Gazze’de kıtlık riski uluslararası sınıflandırmalara göre felaket düzeyine ulaşmıştır. Gazze nüfusunun yüzde 96’sı sağlıklı gıda ve suya erişemiyor. İsrail hükümeti açık hava hapishanesine çevirdiği Gazze’ye insani yardım girişlerini de engelleyerek insanlığa karşı suç işliyor. Bunu sadece biz değil BM ve birçok kuruluş bunu söylüyor. Ağır bombardıman altında bir kap yemeğe, bir yudum suya ulaşmak için canlarını tehlikeye atan çocukların dramlarını 14 aydır takip ediyoruz.
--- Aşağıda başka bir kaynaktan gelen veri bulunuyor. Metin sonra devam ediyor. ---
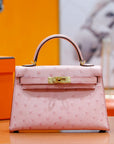 HM Mini Kelly 19cm Pink Ostrich Gold Hardware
İsrail saldırılarında hayatını kaybeden yaklaşık 50 bin Filistinlinin yüzde 70’inden fazlası kadın ve çocuktur. Lübnan’da katledilenlerin önemli kısmı da masum sivillerdir. Batılı güçlerin desteği ile İsrail’in bölgemizde estirdiği devlet terörünün insani maliyeti her geçen gün artmaktadır. Bu zulme, giderek dozu artan bu vahşete sessiz kalanları tarih affetmeyecektir.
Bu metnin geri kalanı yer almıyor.